▶ _Exercise requirements_: Once the lines below holding the string "Protein" are counted, give that number alone.

··· Records for this task ···

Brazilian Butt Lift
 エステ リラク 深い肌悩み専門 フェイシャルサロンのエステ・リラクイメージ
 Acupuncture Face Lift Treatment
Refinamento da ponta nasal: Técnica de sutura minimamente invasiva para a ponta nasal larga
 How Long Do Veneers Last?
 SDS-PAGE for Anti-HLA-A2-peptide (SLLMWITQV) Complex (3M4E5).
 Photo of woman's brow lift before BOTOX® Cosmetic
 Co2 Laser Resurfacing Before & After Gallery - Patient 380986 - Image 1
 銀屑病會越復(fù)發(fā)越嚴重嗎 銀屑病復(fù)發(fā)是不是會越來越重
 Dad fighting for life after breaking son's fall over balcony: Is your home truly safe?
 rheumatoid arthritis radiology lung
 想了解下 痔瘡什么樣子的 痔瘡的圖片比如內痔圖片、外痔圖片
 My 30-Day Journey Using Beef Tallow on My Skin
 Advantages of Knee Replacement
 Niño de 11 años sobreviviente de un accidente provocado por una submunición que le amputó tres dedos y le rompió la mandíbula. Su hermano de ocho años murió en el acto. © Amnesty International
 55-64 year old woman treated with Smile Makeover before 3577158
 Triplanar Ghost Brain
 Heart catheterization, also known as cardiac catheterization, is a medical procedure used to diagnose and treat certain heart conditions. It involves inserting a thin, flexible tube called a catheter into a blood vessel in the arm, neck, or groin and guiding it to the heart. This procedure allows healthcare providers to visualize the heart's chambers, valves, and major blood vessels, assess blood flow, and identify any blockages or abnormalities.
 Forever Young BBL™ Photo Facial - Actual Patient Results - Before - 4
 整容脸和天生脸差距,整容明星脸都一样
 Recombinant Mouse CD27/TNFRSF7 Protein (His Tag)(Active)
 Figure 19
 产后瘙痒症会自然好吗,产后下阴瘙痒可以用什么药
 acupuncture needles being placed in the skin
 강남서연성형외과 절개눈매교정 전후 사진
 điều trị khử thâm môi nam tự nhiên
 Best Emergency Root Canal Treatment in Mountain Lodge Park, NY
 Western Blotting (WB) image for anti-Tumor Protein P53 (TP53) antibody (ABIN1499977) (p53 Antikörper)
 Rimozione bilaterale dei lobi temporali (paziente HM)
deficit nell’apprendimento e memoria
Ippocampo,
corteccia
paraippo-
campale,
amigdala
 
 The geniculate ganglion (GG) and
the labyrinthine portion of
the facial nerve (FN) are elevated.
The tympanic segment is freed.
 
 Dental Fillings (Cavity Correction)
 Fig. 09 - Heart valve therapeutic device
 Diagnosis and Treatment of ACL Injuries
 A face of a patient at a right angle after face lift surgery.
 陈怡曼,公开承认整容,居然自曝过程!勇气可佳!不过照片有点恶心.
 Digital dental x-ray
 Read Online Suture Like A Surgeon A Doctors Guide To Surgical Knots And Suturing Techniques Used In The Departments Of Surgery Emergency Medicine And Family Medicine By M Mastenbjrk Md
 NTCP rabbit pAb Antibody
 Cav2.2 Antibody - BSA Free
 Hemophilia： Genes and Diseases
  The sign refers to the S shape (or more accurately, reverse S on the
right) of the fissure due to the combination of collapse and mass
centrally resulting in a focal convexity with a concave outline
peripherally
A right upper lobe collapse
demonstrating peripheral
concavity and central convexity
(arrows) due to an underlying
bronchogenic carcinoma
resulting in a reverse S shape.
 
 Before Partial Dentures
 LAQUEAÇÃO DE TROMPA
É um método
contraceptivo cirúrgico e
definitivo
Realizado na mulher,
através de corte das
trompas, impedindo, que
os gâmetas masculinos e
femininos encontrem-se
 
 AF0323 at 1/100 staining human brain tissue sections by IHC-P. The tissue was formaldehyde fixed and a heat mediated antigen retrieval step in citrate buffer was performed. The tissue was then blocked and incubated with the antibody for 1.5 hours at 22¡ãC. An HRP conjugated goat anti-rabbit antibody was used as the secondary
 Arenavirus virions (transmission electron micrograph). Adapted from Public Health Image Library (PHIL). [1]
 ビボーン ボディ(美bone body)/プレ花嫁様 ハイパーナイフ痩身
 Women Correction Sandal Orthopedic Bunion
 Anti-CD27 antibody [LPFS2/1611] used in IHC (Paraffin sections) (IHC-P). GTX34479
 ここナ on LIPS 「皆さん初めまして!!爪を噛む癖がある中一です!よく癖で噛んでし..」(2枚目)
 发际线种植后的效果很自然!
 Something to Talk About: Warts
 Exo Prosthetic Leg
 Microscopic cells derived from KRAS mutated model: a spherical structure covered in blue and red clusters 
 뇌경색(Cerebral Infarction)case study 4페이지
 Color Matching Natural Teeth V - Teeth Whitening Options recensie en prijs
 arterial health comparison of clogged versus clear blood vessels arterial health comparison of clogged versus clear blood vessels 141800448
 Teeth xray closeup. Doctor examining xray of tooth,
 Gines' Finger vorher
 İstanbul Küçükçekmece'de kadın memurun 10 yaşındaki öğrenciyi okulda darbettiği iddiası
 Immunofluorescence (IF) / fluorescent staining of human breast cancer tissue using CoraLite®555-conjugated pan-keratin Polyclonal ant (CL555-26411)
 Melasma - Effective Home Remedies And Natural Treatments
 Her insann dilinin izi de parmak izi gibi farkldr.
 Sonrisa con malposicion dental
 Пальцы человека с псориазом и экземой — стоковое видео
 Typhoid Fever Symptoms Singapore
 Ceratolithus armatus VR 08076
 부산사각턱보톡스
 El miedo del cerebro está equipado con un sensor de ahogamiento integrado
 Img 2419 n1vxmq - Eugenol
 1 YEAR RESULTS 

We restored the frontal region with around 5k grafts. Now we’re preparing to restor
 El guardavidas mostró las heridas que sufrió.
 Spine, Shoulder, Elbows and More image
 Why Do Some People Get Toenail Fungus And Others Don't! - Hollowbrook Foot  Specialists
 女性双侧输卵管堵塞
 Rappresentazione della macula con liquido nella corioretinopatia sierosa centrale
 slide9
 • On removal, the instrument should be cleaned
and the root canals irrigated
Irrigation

···

▶ _Solution to this exercise_: 2